La verità dell’imam: "Sono ragazzi soli, i nostri fedeli e il sogno di diventare operai"

Izzedin Elzir sta facendo da ponte con i familiari delle vittime "Vengono in Italia dopo aver speso tanti soldi, non chiedono garanzie ma solo la speranza di conquistare un pezzo di pane".

La verità dell’imam: "Sono ragazzi soli, i nostri fedeli e il sogno di diventare operai"

La verità dell’imam: "Sono ragazzi soli, i nostri fedeli e il sogno di diventare operai"

di Pietro Mecarozzi

Il suo telefono squilla senza sosta da due giorni. Sono madri, mogli e figli delle vittime. Cercano una spiegazione, un perché a questa tragedia, chiedono informazioni sulle procedure da seguire per riportare il corpo dei propri cari in terra natia. E Izzedin Elzir, l’imam di Firenze, risponde a tutti, pesa le parole, li conforta, piange insieme a loro.

Elzir, la tragedia di via Mariti ha scosso profondamente anche la comunità islamica. Cosa state cercando di fare in un momento così difficile?

"Le famiglie sono sconvolte da quanto è successo: noi come comunità cerchiamo di fare da ponte dall’Italia al Marocco, o alla Tunisia. Preghiamo ogni giorno per quegli operai che non ce l’hanno fatta e stiamo tentando anche di raccogliere dei fondi per dare un contributo alle spese per il trasferimento delle salme. Stiamo facendo il massimo".

Tanti giovani e meno giovani si presentano alla moschea con storie molto simili a quelle delle vittime. Può dirci di più?
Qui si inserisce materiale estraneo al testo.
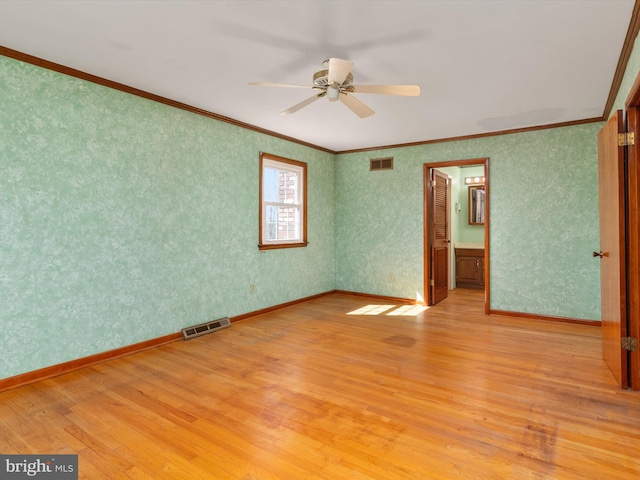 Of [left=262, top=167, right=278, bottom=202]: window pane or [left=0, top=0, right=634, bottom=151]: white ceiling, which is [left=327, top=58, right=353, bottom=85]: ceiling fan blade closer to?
[left=0, top=0, right=634, bottom=151]: white ceiling

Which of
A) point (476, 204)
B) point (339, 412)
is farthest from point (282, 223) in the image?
point (476, 204)

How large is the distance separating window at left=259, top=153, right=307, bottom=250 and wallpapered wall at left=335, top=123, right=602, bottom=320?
3.72ft

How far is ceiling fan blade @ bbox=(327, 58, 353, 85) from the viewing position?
7.73 ft

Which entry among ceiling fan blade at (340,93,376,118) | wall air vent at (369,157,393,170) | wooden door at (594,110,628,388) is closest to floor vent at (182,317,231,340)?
ceiling fan blade at (340,93,376,118)

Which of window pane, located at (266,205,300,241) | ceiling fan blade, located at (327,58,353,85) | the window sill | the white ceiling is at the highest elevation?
the white ceiling

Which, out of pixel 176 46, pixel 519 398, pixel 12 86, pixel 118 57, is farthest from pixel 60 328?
pixel 519 398

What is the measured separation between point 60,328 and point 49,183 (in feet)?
3.91

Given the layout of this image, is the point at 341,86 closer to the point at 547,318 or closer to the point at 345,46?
the point at 345,46

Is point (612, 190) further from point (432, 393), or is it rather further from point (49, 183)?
point (49, 183)

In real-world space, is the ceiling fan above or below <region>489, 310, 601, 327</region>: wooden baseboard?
above

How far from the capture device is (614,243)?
2732 millimetres

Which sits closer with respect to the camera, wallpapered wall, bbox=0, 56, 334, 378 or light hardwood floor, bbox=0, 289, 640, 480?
light hardwood floor, bbox=0, 289, 640, 480

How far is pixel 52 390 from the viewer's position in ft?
8.79

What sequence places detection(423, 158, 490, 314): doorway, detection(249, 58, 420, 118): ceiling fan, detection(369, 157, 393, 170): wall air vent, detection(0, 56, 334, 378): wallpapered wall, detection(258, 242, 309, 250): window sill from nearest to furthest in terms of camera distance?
detection(249, 58, 420, 118): ceiling fan, detection(0, 56, 334, 378): wallpapered wall, detection(258, 242, 309, 250): window sill, detection(423, 158, 490, 314): doorway, detection(369, 157, 393, 170): wall air vent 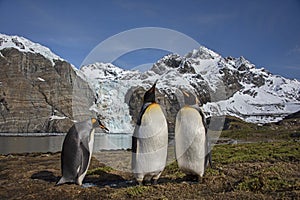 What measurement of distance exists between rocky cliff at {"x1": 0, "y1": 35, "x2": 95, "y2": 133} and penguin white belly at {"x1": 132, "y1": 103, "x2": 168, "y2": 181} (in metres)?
131

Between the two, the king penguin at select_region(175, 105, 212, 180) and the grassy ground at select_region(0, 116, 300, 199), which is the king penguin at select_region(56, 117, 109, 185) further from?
the king penguin at select_region(175, 105, 212, 180)

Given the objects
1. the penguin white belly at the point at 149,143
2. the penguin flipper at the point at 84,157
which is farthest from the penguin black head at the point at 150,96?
the penguin flipper at the point at 84,157

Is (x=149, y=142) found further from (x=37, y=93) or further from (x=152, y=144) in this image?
(x=37, y=93)

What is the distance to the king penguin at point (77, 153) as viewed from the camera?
8.87 m

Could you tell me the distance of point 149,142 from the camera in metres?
8.00

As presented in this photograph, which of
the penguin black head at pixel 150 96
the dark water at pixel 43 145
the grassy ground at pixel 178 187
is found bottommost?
the dark water at pixel 43 145

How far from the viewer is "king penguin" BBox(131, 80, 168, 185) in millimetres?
7996

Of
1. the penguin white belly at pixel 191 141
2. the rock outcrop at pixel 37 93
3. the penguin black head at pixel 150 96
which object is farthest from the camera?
the rock outcrop at pixel 37 93

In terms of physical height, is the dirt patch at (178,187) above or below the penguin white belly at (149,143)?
below

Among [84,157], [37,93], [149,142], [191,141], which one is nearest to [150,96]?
[149,142]

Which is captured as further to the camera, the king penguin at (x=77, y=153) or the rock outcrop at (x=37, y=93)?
the rock outcrop at (x=37, y=93)

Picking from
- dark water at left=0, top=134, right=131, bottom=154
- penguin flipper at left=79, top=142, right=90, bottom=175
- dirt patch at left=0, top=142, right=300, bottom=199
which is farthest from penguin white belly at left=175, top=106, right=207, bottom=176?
dark water at left=0, top=134, right=131, bottom=154

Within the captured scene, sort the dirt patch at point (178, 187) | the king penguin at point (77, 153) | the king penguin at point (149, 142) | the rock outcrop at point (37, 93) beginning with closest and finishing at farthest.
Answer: the dirt patch at point (178, 187) < the king penguin at point (149, 142) < the king penguin at point (77, 153) < the rock outcrop at point (37, 93)

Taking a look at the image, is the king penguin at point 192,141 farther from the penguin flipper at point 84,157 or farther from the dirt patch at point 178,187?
the penguin flipper at point 84,157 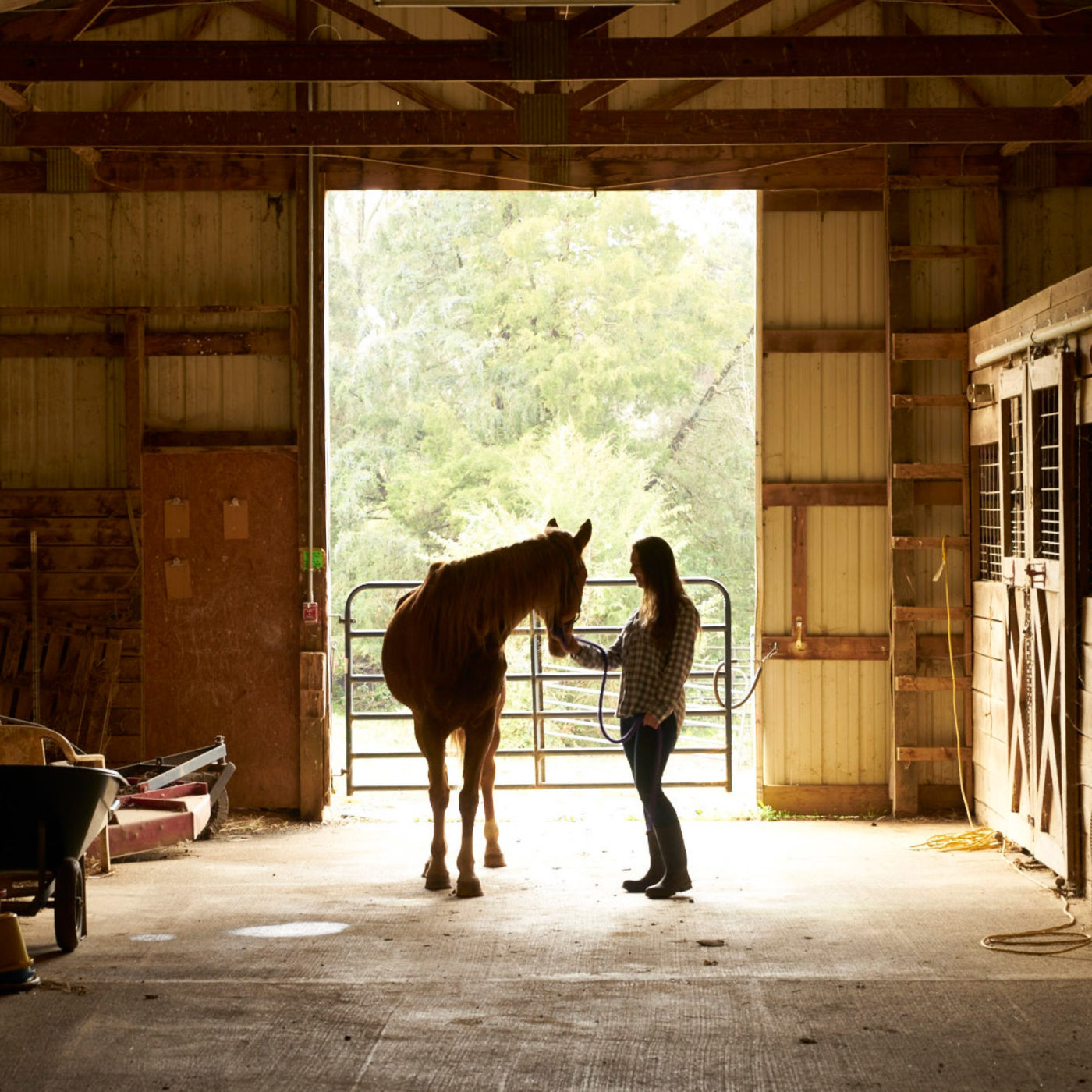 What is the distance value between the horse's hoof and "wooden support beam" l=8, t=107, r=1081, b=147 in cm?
315

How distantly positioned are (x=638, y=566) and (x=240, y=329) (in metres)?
3.36

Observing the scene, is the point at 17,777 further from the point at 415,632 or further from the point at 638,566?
the point at 638,566

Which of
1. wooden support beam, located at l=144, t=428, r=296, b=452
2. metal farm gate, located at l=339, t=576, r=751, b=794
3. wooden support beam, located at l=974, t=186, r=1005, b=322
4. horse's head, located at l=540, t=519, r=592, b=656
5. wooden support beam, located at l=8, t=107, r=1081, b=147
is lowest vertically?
metal farm gate, located at l=339, t=576, r=751, b=794

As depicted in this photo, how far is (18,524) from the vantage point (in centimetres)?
714

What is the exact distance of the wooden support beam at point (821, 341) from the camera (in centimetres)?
729

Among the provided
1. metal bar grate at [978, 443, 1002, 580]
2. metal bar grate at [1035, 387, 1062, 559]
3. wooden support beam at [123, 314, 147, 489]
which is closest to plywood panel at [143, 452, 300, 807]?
wooden support beam at [123, 314, 147, 489]

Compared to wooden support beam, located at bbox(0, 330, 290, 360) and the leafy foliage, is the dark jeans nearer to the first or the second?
wooden support beam, located at bbox(0, 330, 290, 360)

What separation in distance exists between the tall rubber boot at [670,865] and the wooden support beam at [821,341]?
3.28m

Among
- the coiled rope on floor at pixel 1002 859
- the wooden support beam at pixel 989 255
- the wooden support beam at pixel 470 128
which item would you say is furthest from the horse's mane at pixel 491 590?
the wooden support beam at pixel 989 255

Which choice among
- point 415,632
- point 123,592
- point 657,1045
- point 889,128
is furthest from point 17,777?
point 889,128

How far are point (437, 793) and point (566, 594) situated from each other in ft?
3.25

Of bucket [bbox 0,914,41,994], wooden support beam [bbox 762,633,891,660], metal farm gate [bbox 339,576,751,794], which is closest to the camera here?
bucket [bbox 0,914,41,994]

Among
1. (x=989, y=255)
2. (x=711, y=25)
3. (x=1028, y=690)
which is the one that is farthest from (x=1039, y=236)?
(x=1028, y=690)

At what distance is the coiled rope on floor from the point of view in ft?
13.8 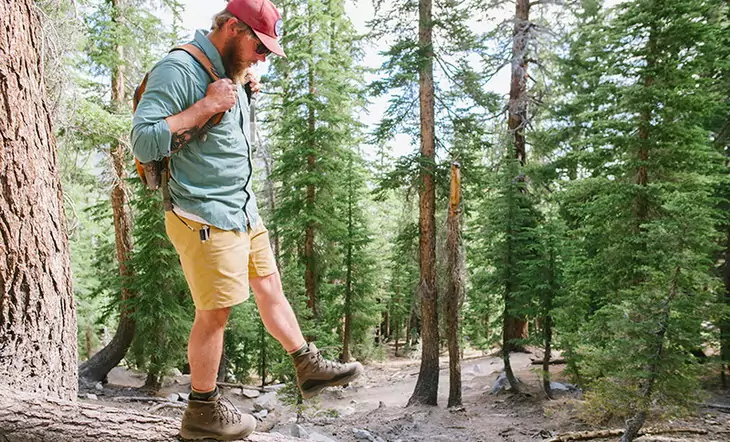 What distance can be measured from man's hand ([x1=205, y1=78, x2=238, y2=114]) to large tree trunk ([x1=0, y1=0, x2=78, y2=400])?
1.62 m

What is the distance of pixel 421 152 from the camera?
11773mm

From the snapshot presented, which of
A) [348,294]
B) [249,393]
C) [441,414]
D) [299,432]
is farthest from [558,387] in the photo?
[348,294]

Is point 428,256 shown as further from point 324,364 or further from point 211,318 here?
point 211,318

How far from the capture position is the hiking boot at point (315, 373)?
2.83m

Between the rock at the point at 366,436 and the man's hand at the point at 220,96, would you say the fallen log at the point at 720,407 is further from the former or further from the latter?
the man's hand at the point at 220,96

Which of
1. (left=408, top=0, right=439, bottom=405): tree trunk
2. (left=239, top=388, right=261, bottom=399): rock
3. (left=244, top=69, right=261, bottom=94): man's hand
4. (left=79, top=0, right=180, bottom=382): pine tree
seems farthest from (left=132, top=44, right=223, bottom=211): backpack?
(left=239, top=388, right=261, bottom=399): rock

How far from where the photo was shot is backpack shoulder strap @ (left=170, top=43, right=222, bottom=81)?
91.8 inches

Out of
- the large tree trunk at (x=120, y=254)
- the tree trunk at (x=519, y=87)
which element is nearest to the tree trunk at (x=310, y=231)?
the large tree trunk at (x=120, y=254)

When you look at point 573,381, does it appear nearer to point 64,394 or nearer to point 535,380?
point 535,380

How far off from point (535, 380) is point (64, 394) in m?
12.2

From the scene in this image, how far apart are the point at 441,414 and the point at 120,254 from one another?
30.5 ft

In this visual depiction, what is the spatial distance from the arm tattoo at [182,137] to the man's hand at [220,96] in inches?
5.4

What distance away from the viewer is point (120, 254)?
12258 millimetres

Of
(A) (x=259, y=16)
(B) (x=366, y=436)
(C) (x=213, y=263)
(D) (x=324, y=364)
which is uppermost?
(A) (x=259, y=16) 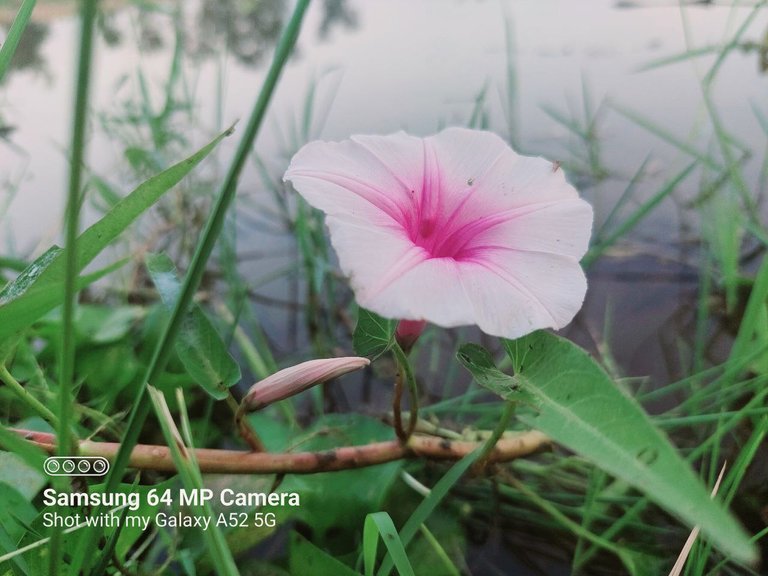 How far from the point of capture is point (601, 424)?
350 millimetres

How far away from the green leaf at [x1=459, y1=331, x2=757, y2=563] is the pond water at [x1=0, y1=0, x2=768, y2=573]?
1.82 ft

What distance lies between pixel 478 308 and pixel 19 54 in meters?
2.14

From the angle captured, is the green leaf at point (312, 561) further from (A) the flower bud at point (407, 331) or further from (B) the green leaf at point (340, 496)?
(A) the flower bud at point (407, 331)

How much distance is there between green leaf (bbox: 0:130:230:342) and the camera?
0.39 metres

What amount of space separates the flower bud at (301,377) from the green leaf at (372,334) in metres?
0.02

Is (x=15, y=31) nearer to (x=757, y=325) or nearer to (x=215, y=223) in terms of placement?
(x=215, y=223)

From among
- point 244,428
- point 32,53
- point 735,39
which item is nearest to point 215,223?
point 244,428

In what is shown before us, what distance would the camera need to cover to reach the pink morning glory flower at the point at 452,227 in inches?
16.1

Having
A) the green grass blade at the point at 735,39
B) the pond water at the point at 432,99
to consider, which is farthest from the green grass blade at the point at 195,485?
the green grass blade at the point at 735,39

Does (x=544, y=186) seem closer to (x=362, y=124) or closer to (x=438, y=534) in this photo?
(x=438, y=534)

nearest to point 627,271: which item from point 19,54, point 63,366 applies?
point 63,366

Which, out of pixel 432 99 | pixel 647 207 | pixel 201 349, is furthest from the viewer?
pixel 432 99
"Si tratta di ragazzi soli in una grande città, con le famiglie a centinaia se non migliaia di chilometri di distanza. Dormono in locali dismessi, e vengono da noi in cerca di un supporto morale o di un aiuto economico. Spesso scelgono di partire verso il Sud Italia con la speranza di trovare un nuovo lavoro, possibilmente in nero. Pensavano di trovare il paradiso quando sono partiti, ma scontano la durezza di una realtà spietata".

Si spieghi meglio.

"Negli ultimi due anni sono aumentati vertiginosamente i nostri fedeli che hanno scelto di diventare operai edili. Non chiedono garanzie o tutele, vogliono solo lavorare per garantirsi un pezzo di pane. Arrivano qui dopo tanti sacrificio, viaggi estenuanti e l’alternativa al cantiere è la strada o la criminalità. Per loro è una specie di ultima spiaggia".

Gli operai morti avevano delle famiglie da mantenere. Cosa succede adesso?

"Chi sceglie di venire in Italia deve sostenere delle spese molto importanti. Le famiglie si indebitano e senza un’entrata fissa le loro condizioni si aggravano. Il dolore che stanno affrontando non si può spiegare, e in più adesso si trovano di fronte a un futuro incerto e problematico".

Cosa si può fare secondo lei per garantire maggiori tutele a queste persone?

"Serve un intervento strutturale a livello nazionale. Ma anche snellire i processi per accedere ai documenti: chi risulta irregolare sul territorio si affaccerà sempre a un mondo che non offre sostegno o protezione, mettendo così a rischio la propria vita. In questo modo perdiamo tutti: gli operai, le loro famiglie e la società".